A woman in my congregation comes to see me. She is a single mother, divorced, working to support herself and three young children. She says to me, “Since my husband walked out on us, every month is a struggle to pay our bills. I have to tell my kids we have no money to go to the movies, while he’s living it up with his new wife in another state. How can you tell me to forgive him?” I answer her, “I’m not asking you to forgive him because what he did was acceptable. It wasn’t; it was mean and selfish. I’m asking you to forgive because he doesn’t deserve the power to live in your head and turn you into a bitter angry woman. I’d like to see him out of your life emotionally as completely as he is out of it physically, but you keep holding on to him. You’re not hurting him by holding on to that resentment, but you’re hurting yourself.”[1]

Or, in the words of a famous quote, “Resentment is drinking poison and waiting for the other person to die.”[2] Forgiveness is something we have to do, because the alternative is our own suffering. Forgiveness is something we have to do, not primarily for the sake of the other person, but for our own sake. And that’s also why forgiveness does not always mean continuing in a relationship with another person. Someone who is being abused should not stay in that relationship. He or she deserves to get out. In a case like that, forgiveness does not mean returning for more abuse. In a case like that, forgiveness means getting out, but then letting go of the anger, the hurt, the desire for revenge. In a case like that, forgiveness is really, really hard, and it usually takes years. But Jesus tells us that it is possible.

And I think a clue to how is in the story Jesus told.
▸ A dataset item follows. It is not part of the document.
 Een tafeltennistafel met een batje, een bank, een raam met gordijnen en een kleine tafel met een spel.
What the wicked servant failed to see was that because he’d been forgiven the enormous debt he owed, he didn’t need the money from his fellow servant. He didn’t need it. The gift he received from the king was enough. It was simply enough. But he didn’t see that. And he got stuck in a violent and self-destructive cycle.

The gift that we have received through Christ is enough. It is enough. It means that we do not need to hold onto our pain. We do not need to hold onto our anger. We do not need to be justified before others, because God has justified us. We do not need to keep ourselves curled up in a ball of resentment. Christ has set us free from that. Thanks to Christ, we have everything we need to share his love and grace and forgiveness with each other.
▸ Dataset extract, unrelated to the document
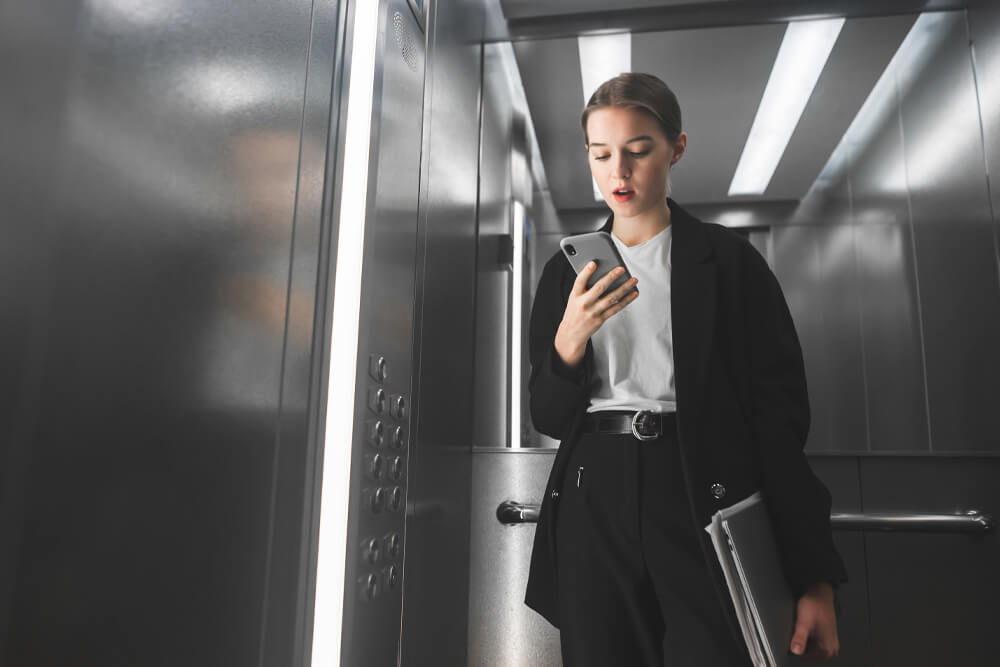 woman-in-elevator-on-cell-phone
That doesn’t mean it’s easy. No. But it means it’s possible. And it starts with saying thank you to God. Thank you for forgiving me. Thank you for filling me with grace. Thank you for your undying love. And then the next step is saying, “Help me. Help me, God. Give me the ability to do this. Help me to find the strength I need.” And over time, over time, God will. And we can trust that, because we’ve received that promise in our baptism.

I pray that we all grow in our baptism today and tomorrow and each day. I pray that you experience God’s forgiveness in your life. And I pray that you experience the grace of forgiving others, that sets us free.

[1] Harold S. Kushner, “Letting Go of the Role of Victim,” Spirituality and Health, Winter 1999, 34 (quoted in Feasting on the Word).

[2] Attributed to Nelson Mandela, Carrie Fisher, and many others.